Je rénove une maison dans l'Orne dans laquelle nous venons de découvrir, à l'issue des démolitions préalables, une colocataire dont nous nous serions bien passés : la mérule pleureuse. Auriez-vous des conseils avisés quant au risque de mise en œuvre d'isolants à base de lignine une fois le champignon traité (nous envisageons du chaux-chanvre projeté, mais cela est valable aussi pour la ouate de cellulose, la laine de bois...) ? Est-il vrai qu’il faut à tout prix éviter des isolant ligneux et privilégier un doublage ventilé, ce qui oriente tout de suite vers d'autres types de matériaux (Placo, laine minérale…) ? Clément D.

Réponse d'Olivier Honnet, architecte et expert technique, collaborateur occasionnel de justice (76)

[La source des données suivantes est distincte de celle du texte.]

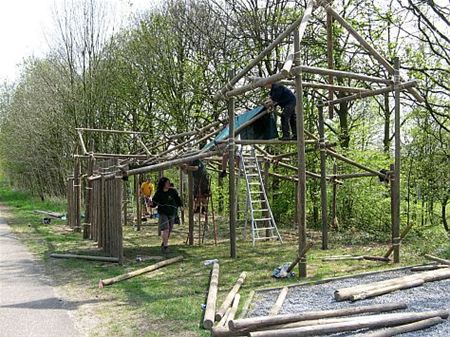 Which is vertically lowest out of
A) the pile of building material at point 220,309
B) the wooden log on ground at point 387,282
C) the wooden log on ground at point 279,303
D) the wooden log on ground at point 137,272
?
the wooden log on ground at point 137,272

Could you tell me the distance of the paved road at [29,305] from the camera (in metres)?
6.84

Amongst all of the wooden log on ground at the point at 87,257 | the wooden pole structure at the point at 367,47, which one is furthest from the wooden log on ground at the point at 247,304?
the wooden pole structure at the point at 367,47

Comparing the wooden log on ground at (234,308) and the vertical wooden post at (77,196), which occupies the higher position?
the vertical wooden post at (77,196)

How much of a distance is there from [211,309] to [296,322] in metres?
1.40

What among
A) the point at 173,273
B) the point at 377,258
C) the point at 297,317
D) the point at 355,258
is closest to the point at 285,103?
the point at 355,258

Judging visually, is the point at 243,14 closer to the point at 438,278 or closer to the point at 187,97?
the point at 187,97

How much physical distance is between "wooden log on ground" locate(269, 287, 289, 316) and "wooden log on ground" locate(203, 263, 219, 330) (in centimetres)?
69

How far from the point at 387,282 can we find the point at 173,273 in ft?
14.1

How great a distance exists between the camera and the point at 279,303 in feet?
23.1

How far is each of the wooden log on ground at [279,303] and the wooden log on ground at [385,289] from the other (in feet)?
2.91

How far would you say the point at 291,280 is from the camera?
900 cm

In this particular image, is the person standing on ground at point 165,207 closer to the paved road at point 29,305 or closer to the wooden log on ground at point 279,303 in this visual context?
the paved road at point 29,305

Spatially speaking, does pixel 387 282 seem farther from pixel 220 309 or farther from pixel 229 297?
pixel 220 309

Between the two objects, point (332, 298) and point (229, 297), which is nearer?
point (332, 298)
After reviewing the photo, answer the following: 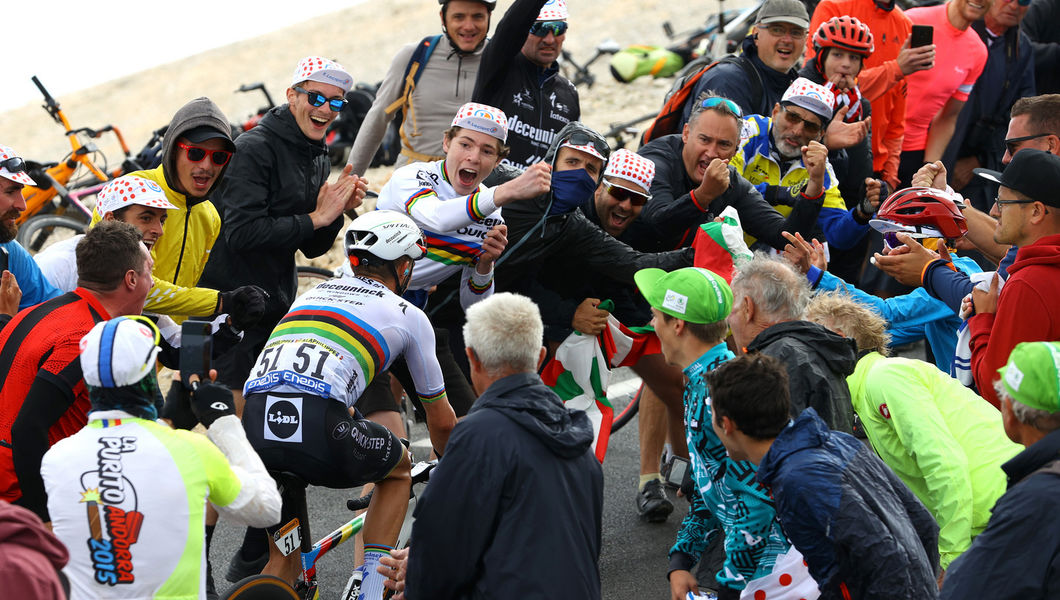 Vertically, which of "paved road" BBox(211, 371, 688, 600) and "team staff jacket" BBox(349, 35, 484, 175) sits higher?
"team staff jacket" BBox(349, 35, 484, 175)

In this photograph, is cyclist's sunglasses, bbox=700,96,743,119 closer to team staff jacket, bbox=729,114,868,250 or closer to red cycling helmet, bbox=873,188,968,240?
team staff jacket, bbox=729,114,868,250

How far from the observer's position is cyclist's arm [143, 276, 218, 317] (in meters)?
5.40

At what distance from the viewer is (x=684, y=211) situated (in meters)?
6.48

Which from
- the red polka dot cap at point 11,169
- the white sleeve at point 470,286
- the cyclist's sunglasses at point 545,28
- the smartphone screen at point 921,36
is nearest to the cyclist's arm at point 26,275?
the red polka dot cap at point 11,169

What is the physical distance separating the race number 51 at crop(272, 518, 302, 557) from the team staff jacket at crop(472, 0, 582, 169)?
299 cm

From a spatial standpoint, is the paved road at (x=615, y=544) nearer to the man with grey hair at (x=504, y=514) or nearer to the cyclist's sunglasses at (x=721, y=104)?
the man with grey hair at (x=504, y=514)

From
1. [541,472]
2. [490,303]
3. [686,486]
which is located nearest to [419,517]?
[541,472]

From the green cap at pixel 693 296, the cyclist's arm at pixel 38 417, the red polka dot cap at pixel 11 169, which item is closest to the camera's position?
the cyclist's arm at pixel 38 417

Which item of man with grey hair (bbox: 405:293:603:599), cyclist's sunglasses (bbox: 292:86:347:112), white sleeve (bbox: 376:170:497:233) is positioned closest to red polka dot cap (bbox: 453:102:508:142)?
white sleeve (bbox: 376:170:497:233)

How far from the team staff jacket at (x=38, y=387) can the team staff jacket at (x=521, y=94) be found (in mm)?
3376

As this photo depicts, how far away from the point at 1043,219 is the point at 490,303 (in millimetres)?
2650

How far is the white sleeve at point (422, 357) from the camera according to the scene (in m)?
4.83

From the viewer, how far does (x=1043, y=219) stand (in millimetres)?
4836

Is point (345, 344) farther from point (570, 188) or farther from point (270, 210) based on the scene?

La mérule se développe quand certaines conditions sont réunies : humidité, obscurité et confinement. Un taux d’humidité de 20 % dans le bois est suffisant pour la voir proliférer, soit un taux assez faible. Et elle apparaît dès 14 ou 15°C, bien qu’elle apprécie particulièrement les températures autour de 22°C. En fait, la mérule n’a même pas besoin de matériaux ligneux pour se développer, ni même de biosourcés, tant qu’elle trouve des nutriments. On a déjà vu des cas de mérule sur des plaques de plâtre ou des supports maçonnés, dans les joints d’un mur de pierre… Donc il ne faut pas se focaliser sur le végétal.

De plus, à partir du moment où la mérule a été traitée, on peut considérer qu’elle est totalement morte : les spores ne vont plus se propager dans le bâtiment. Il est donc tout à fait possible de remettre n’importe quels matériaux pour la structure ou l’isolation de votre maison. En revanche, avant de les mettre en œuvre après le traitement, il faudra s’assurer d'avoir résolu tout problème d’humidité : assécher la pièce, restaurer l’étanchéité et la ventilation. Autrement, il est tout à fait possible que la mérule revienne. Prêtez une attention particulière aux remontées capillaires, infiltrations, fuites ou encore à la condensation.

Après avoir fait face à une infestation de champignon, il est normal d’avoir peur de remettre des matériaux biosourcés, il y a comme un blocage psychologique. Si vous avez le moindre doute sur l’efficacité du traitement, je conseille de faire appel à un maître d’œuvre qui a une bonne connaissance des champignons, pour qu’il puisse faire un état des lieux rigoureux de votre bâti avant de vous lancer dans les travaux. D’une manière générale, il vaut mieux informer votre futur maître d’œuvre qu’il y a eu de la mérule.

Bien qu’il n’existe à ce jour, à ma connaissance, aucun document scientifique ou technique sur le comportement à adopter après traitement de la mérule, les professionnels du bâtiment ont des retours d’expériences sur parfois plusieurs dizaines d’années. Grâce à cela, nous pouvons affirmer qu’il est possible – et heureusement – de reconstruire un bâtiment après mérule. Pour ma part, en tant qu’architecte et expert technique, collaborateur occasionnel de justice, j’ai rencontré plusieurs exemples. Et puisque les problèmes d’humidité ont été chaque fois résolus, la mérule n’est pas revenue, même après 10 ans et malgré l’usage de bois ou d’isolation biosourcée.